Shared ground
The passage presents Saul deliberately turning to a forbidden source of guidance. Explicitly, he orders a search for a woman who is a medium, travels at night in disguise with two men, and asks her to perform divination and “bring up” whoever he names (vv. 7–8). The woman’s reply shows why this is risky: Saul himself had removed mediums and “wizards” from the land, so she fears this request could be a trap meant to get her killed (v. 9). Saul then uses a solemn oath “As Yahweh lives” to promise she will not be punished for this act (v. 10).

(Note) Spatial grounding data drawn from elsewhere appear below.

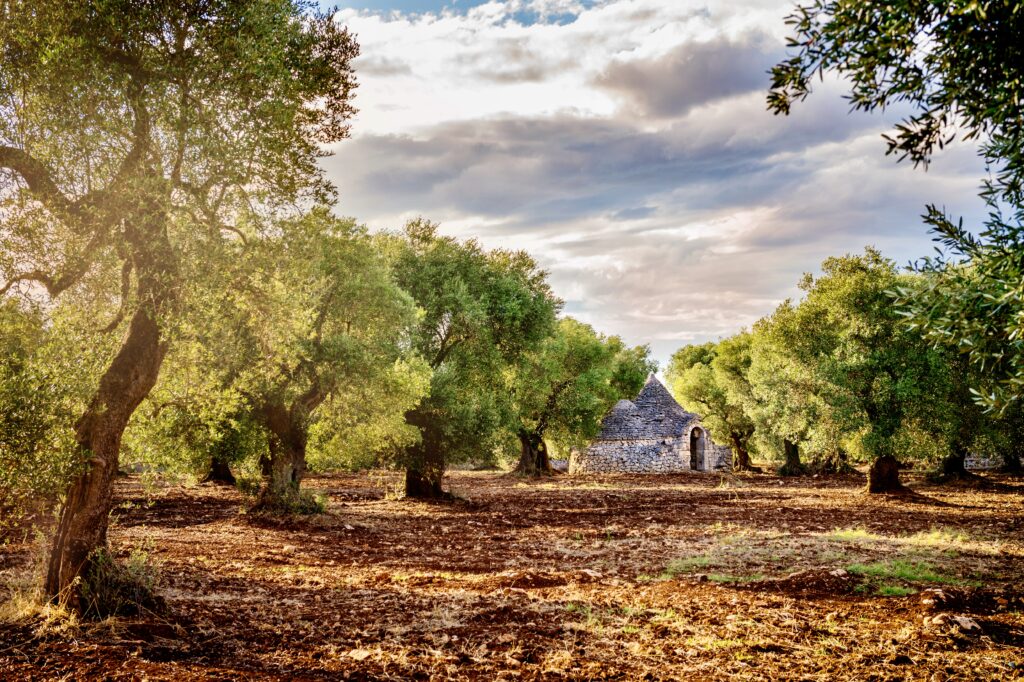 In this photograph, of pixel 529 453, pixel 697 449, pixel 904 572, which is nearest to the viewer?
pixel 904 572

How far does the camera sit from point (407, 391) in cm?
2630

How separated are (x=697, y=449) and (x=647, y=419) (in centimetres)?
881

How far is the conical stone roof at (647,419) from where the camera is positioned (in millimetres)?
65938

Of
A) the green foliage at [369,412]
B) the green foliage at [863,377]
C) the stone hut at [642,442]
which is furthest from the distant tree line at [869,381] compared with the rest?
the stone hut at [642,442]

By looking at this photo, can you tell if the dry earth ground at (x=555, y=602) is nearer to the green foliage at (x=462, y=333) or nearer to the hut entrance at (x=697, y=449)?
the green foliage at (x=462, y=333)

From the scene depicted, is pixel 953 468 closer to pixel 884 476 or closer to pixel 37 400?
pixel 884 476

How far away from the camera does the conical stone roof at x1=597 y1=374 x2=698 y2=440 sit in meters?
65.9

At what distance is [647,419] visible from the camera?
219 ft

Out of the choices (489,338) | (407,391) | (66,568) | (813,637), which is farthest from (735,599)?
(489,338)

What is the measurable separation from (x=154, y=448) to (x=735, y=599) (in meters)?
11.4

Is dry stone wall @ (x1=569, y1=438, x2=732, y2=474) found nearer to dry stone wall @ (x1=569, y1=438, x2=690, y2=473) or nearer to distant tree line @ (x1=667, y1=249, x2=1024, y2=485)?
dry stone wall @ (x1=569, y1=438, x2=690, y2=473)

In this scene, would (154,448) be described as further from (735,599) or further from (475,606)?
(735,599)

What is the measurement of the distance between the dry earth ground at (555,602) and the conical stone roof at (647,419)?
39730 mm

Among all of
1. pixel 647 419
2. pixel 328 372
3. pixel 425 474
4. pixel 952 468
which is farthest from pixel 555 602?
pixel 647 419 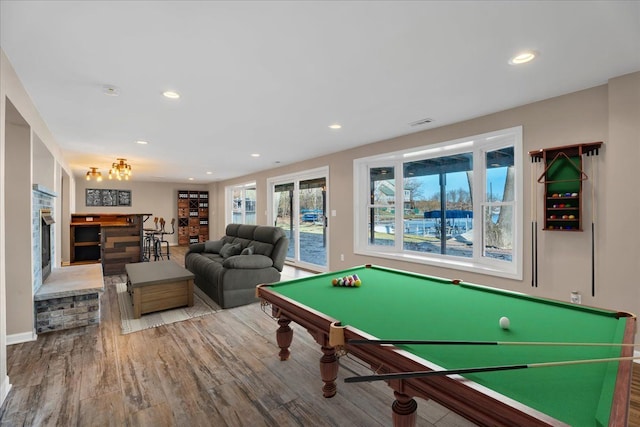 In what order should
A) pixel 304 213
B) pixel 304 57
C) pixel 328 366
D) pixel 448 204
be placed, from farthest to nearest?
pixel 304 213
pixel 448 204
pixel 304 57
pixel 328 366

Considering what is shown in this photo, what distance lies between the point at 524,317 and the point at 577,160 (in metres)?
2.02

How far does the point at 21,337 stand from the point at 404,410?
12.0 ft

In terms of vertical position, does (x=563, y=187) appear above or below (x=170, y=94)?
below

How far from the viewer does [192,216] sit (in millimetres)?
11242

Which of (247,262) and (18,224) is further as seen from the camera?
(247,262)

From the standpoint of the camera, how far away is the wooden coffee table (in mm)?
3562

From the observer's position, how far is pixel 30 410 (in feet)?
6.32

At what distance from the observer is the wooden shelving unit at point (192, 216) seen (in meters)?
11.0

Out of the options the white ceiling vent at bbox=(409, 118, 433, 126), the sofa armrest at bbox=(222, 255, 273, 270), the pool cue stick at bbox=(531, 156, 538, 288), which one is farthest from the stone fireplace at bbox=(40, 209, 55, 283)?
the pool cue stick at bbox=(531, 156, 538, 288)

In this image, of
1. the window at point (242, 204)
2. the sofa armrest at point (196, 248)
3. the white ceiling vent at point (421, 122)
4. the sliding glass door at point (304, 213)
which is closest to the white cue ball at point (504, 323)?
the white ceiling vent at point (421, 122)

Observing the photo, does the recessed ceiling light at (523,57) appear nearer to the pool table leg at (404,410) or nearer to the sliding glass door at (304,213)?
the pool table leg at (404,410)

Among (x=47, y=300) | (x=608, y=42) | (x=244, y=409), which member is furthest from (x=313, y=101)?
(x=47, y=300)

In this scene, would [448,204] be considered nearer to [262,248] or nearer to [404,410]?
[262,248]

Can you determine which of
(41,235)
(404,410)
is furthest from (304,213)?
(404,410) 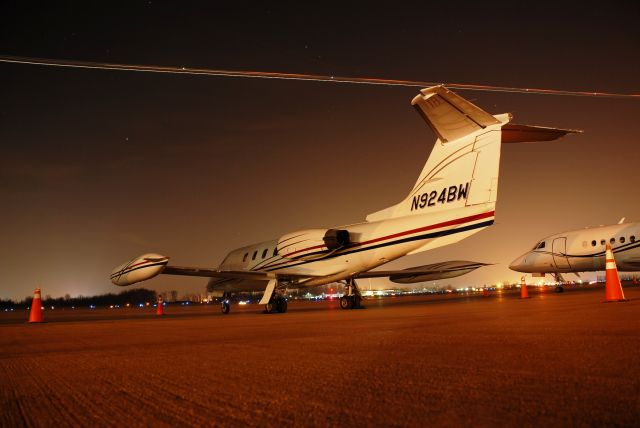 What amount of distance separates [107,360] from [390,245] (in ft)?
38.2

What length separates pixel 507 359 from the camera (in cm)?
399

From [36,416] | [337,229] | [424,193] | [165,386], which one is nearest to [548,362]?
[165,386]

This scene also continues the wider story tension: Saul lacks guidance through regular means (immediate context in 1 Samuel 28:6), and his fear and urgency push him into secret, legally dangerous behavior.

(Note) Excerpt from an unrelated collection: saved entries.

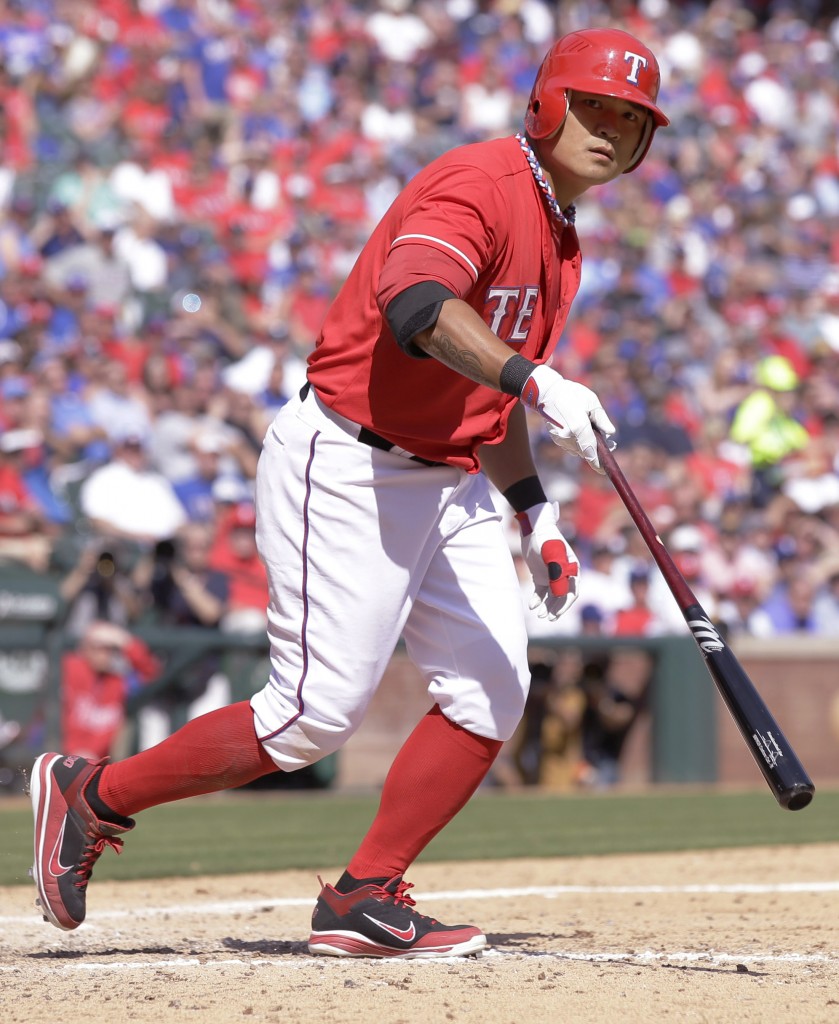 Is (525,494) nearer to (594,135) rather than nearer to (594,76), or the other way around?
(594,135)

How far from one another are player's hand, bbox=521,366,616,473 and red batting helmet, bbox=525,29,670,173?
2.29 feet

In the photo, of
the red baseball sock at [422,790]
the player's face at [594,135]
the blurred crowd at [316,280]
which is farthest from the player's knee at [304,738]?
the blurred crowd at [316,280]

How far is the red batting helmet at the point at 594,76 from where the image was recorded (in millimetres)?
3668

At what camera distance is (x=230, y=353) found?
1185cm

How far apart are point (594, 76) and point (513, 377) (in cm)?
78

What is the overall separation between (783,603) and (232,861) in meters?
5.90

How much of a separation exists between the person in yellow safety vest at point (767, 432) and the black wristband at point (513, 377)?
9511 mm

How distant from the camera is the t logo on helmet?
3.68 m

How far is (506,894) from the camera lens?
5328 millimetres

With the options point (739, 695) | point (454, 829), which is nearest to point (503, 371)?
point (739, 695)

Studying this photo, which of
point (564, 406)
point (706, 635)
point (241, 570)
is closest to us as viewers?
point (564, 406)

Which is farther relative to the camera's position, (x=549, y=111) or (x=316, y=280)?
(x=316, y=280)

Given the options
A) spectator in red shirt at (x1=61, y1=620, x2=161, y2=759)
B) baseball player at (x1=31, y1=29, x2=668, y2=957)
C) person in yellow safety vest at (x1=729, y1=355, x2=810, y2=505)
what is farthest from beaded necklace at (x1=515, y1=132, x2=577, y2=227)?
person in yellow safety vest at (x1=729, y1=355, x2=810, y2=505)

Where interpretation differs
Did the woman know she was speaking to Saul? The text says Saul is disguised and that she fears a “snare” because of Saul’s crackdown (vv. 8–9). Some readers think she only suspects a setup by someone connected to the regime, not that Saul himself is present. Others think her mention of “Saul” could hint she recognizes him or at least strongly suspects it.

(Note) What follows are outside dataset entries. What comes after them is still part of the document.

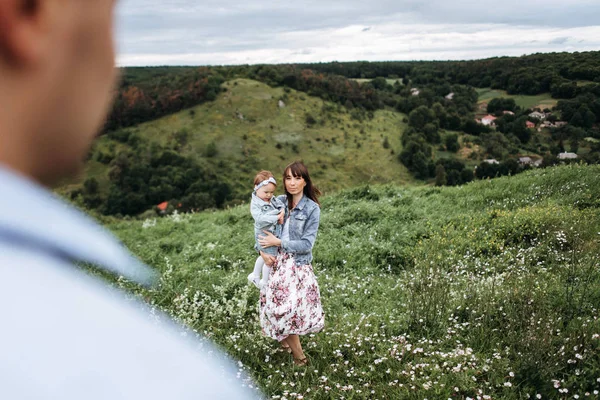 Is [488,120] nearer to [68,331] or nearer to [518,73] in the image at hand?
[518,73]

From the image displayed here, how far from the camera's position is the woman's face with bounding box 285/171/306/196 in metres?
5.10

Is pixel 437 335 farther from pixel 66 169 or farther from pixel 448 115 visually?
pixel 448 115

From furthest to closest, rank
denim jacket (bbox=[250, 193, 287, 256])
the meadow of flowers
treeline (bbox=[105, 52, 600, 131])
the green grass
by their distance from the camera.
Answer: treeline (bbox=[105, 52, 600, 131]) → the green grass → denim jacket (bbox=[250, 193, 287, 256]) → the meadow of flowers

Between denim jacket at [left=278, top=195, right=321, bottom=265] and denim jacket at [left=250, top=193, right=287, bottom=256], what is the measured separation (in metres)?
0.18

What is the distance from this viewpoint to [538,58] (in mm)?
41594

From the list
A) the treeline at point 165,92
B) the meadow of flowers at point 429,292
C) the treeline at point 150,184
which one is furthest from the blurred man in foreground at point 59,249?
the treeline at point 165,92

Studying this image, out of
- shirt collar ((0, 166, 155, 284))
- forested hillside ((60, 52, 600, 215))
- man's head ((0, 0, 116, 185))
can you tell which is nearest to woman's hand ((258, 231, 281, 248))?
shirt collar ((0, 166, 155, 284))

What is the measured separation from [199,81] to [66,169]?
11398cm

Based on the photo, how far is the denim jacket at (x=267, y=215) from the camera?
16.9ft

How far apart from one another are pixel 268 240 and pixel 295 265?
42 centimetres

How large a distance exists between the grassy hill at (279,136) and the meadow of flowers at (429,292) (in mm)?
66850

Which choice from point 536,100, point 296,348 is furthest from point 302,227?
point 536,100

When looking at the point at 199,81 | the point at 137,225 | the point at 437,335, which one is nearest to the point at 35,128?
the point at 437,335

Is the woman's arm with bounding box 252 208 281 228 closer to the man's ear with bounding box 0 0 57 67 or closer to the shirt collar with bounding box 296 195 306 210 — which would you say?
the shirt collar with bounding box 296 195 306 210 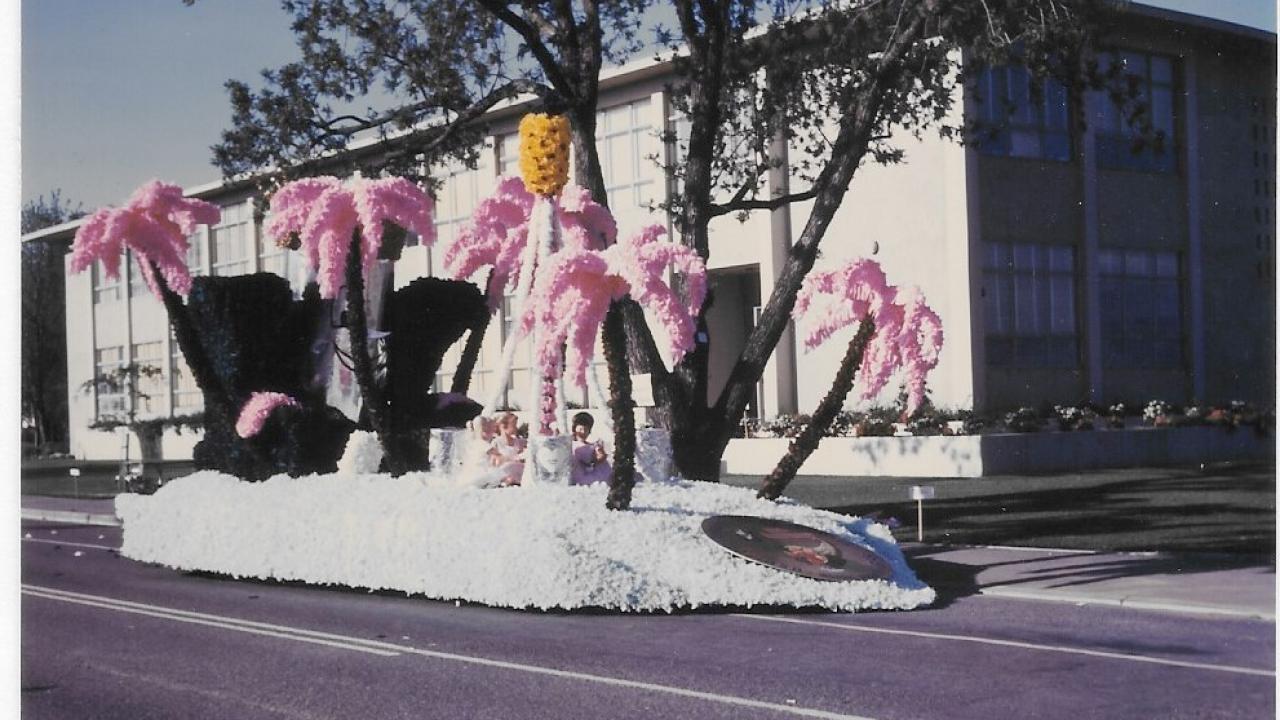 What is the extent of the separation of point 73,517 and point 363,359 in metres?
12.4

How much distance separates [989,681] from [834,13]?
421 inches

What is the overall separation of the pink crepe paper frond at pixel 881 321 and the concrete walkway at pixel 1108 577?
5.62 feet

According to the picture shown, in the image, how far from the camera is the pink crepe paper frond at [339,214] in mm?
13773

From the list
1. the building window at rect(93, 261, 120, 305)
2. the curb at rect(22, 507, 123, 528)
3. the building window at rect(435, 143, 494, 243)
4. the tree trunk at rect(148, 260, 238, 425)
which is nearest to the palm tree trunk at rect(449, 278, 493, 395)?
the tree trunk at rect(148, 260, 238, 425)

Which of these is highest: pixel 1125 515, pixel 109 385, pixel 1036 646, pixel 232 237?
pixel 232 237

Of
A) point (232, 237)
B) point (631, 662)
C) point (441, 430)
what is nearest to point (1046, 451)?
point (232, 237)

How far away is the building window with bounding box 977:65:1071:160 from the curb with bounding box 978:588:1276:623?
61.1 ft

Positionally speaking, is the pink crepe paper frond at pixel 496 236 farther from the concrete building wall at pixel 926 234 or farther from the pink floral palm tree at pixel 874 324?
the concrete building wall at pixel 926 234

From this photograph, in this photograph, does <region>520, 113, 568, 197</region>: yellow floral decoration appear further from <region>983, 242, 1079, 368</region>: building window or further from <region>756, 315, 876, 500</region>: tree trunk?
<region>983, 242, 1079, 368</region>: building window

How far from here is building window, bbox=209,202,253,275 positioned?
2359cm

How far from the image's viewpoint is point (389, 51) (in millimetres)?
19047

How broad is Saul’s promised protection? Saul promises “no punishment” (v. 10). Some take this as a pledge of full legal immunity (he will not prosecute her). Others read it more narrowly as immediate safety—he is promising she will not be harmed “for this thing” during this encounter, without addressing long-term policy.
Why the disagreement exists
The narrative gives indirect signals rather than direct statements. Saul’s disguise (v. 8) pushes toward “she doesn’t know,” but her direct appeal to what “Saul has done” (v. 9) could be read either as general awareness of policy or as a clue of recognition. Likewise, the oath’s wording is brief and tied to a specific act (“for this thing,” v. 10), which leaves room to debate whether Saul is suspending law broadly or making a situational promise.
What this passage clearly contributes
- It shows Saul’s leadership collapsing into secrecy: he seeks guidance through the very practice he previously suppressed (vv. 7, 9). 2) It highlights the fear produced by royal enforcement: the medium expects entrapment and death as realistic outcomes (v. 9). 3) It portrays Saul using the divine name to secure cooperation (v. 10), which sets up an irony in the story’s flow: he invokes Yahweh to authorize a request that stands outside the authorized channels of inquiry (v. 8, linked to the lack of answers in 1 Samuel 28:6).